Task description
In the records below, repeat word for word only the lines starting at the one that contains "Carrière FrèresFruits Chandelle Parfumée" and ending at the one that contains "A4 Coloured Papers", pictures excluded.

--- START ---

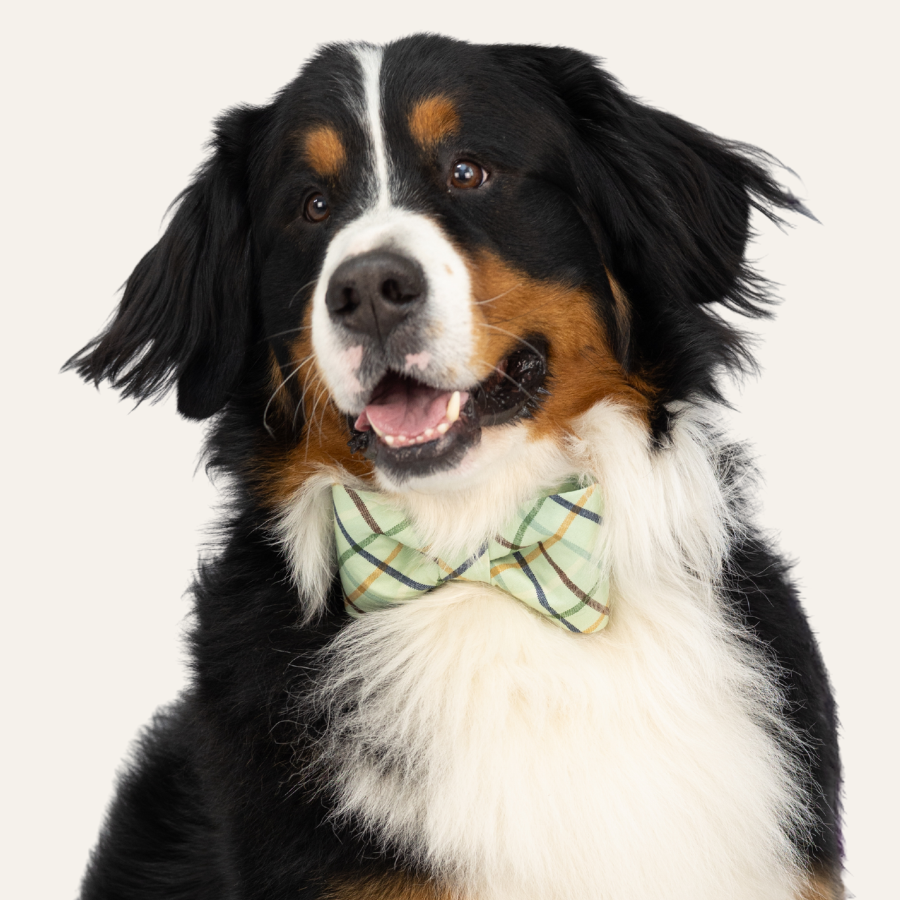 Portrait of a fluffy tricolor dog with a white chest and black coat, wearing a soft green bow tie with a tan and blue plaid pattern.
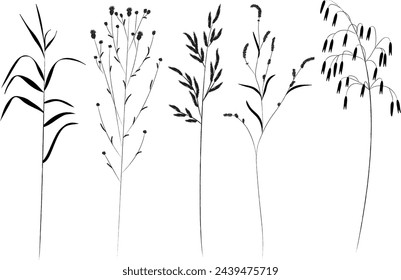 Field and meadow grasses, black outline, template for packaging and product cover. Sketch of medicinal plants, vector flat cartoon drawing.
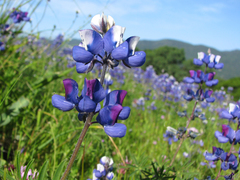 Lupinus nanus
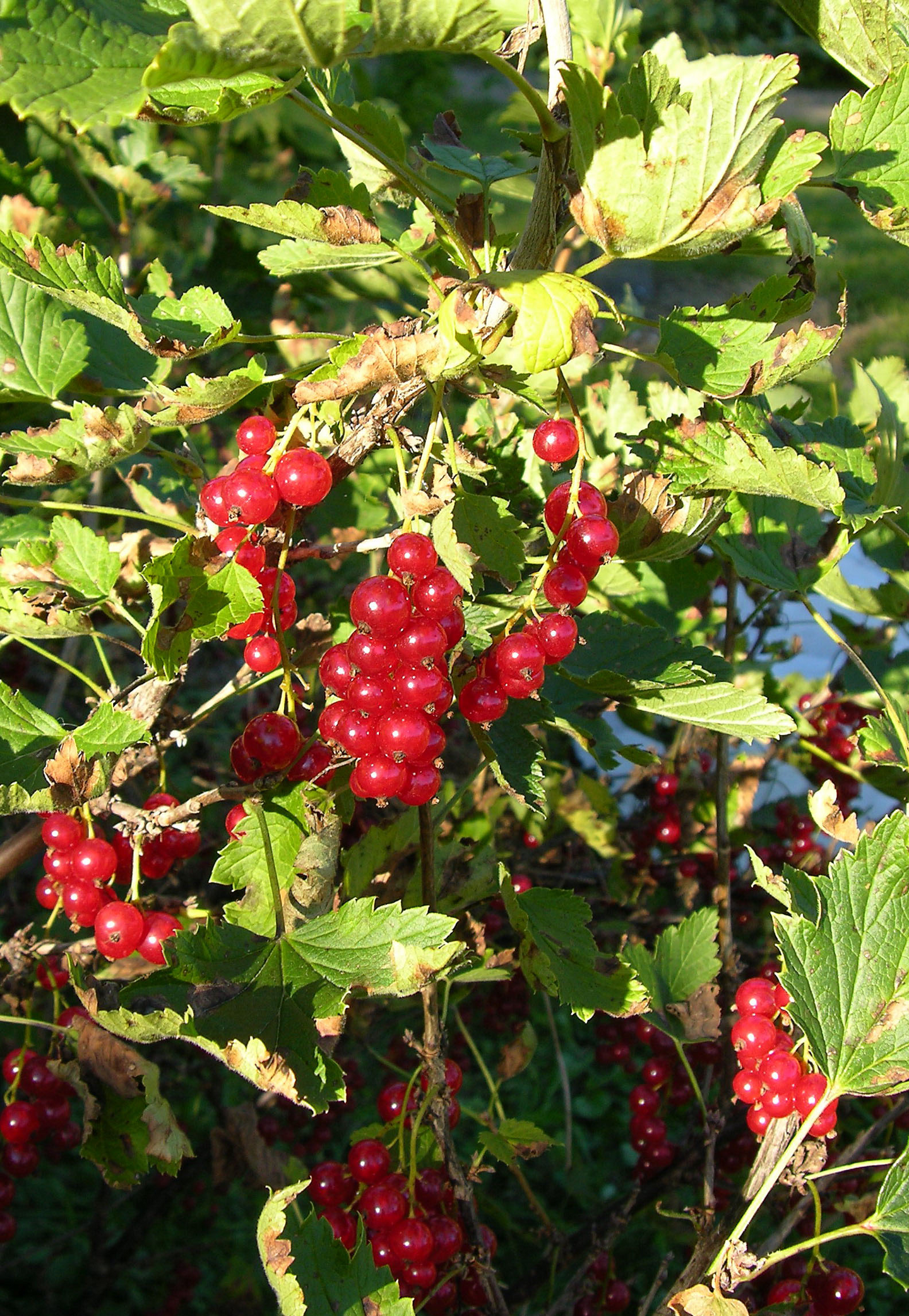 Punaherukka Ribes Katri 3l astia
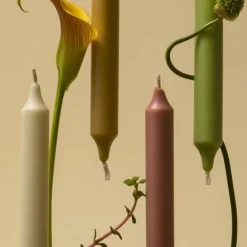 Carrière FrèresFruits Chandelle Parfumée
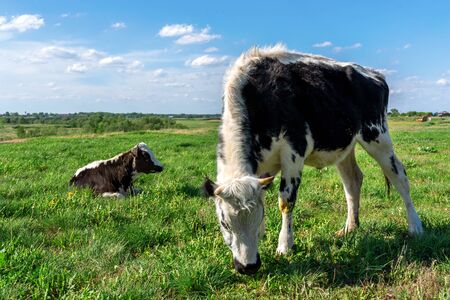 Cows graze on a green meadow. Rural landscape. Pasture in the village in summer and blue skyの写真素材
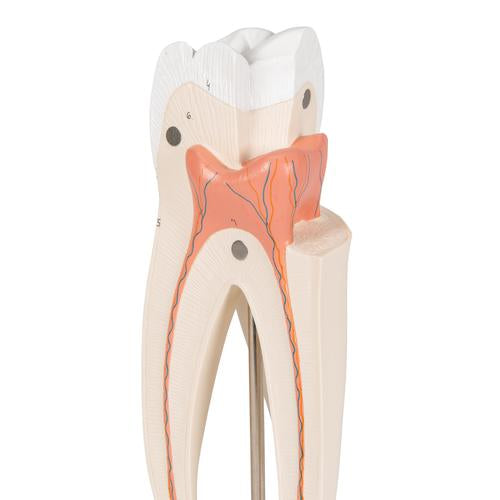 Image 5 - UPPER TRIPLE-ROOT MOLAR HUMAN TOOTH MODEL, 3 PART - 3B SMART ANATOMY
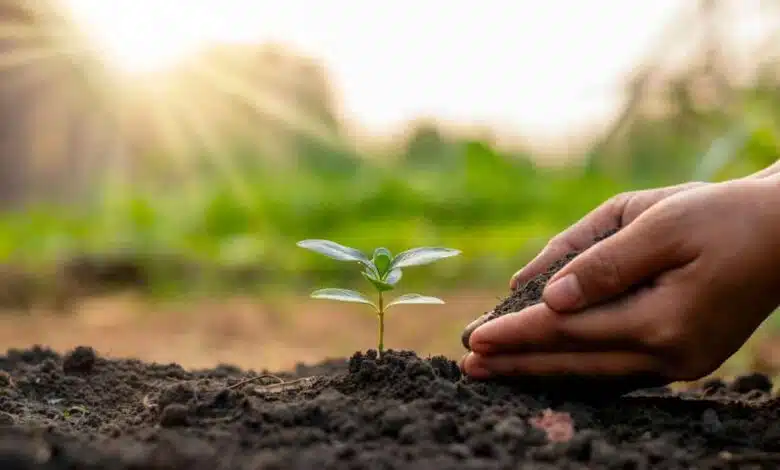 Take special care of trees and plants during the Rainy Season, these tips will come in handy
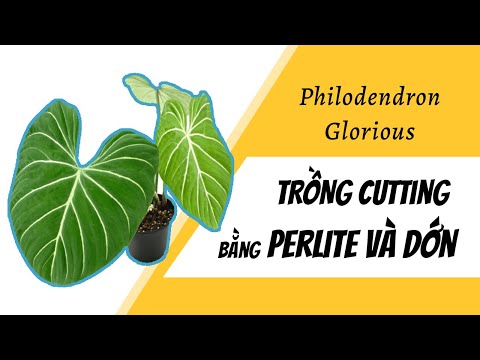 Video: Trồng Hoa Philodendron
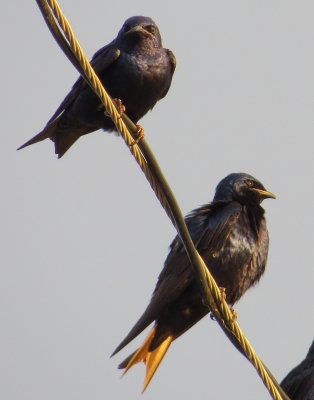Purple Martin
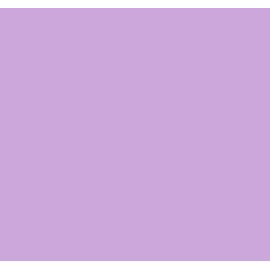 A4 Coloured Papers 80gsm Arts Craft Sheets Bright Pastel Neon Laser Inkjet Printers 100 Sheets (Lilac)
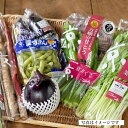 【ふるさと納税】【JA全農京都】季節の京野菜セット | 京野菜 セット 詰め合わせ 7〜8種類 お取り寄せ グルメ ご当地 ギフト お祝い お土産 ご家庭用 ご自宅用 内祝い 都 京都府 京都市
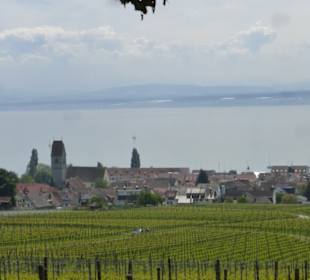 Wanderung über Höhenweg von Hagnau nach Meersburg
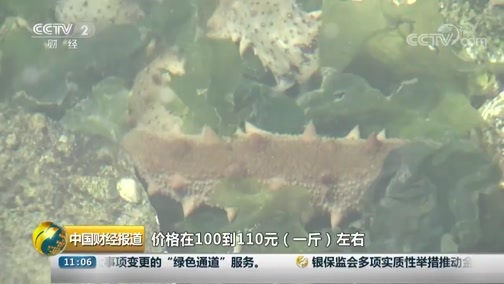 中国财经报道 《中国财经报道》 20181022 11:00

--- END ---

Exercise output
 Carrière FrèresFruits Chandelle Parfumée
 Cows graze on a green meadow. Rural landscape. Pasture in the village in summer and blue skyの写真素材
 Image 5 - UPPER TRIPLE-ROOT MOLAR HUMAN TOOTH MODEL, 3 PART - 3B SMART ANATOMY
 Take special care of trees and plants during the Rainy Season, these tips will come in handy
 Video: Trồng Hoa Philodendron
Purple Martin
 A4 Coloured Papers 80gsm Arts Craft Sheets Bright Pastel Neon Laser Inkjet Printers 100 Sheets (Lilac)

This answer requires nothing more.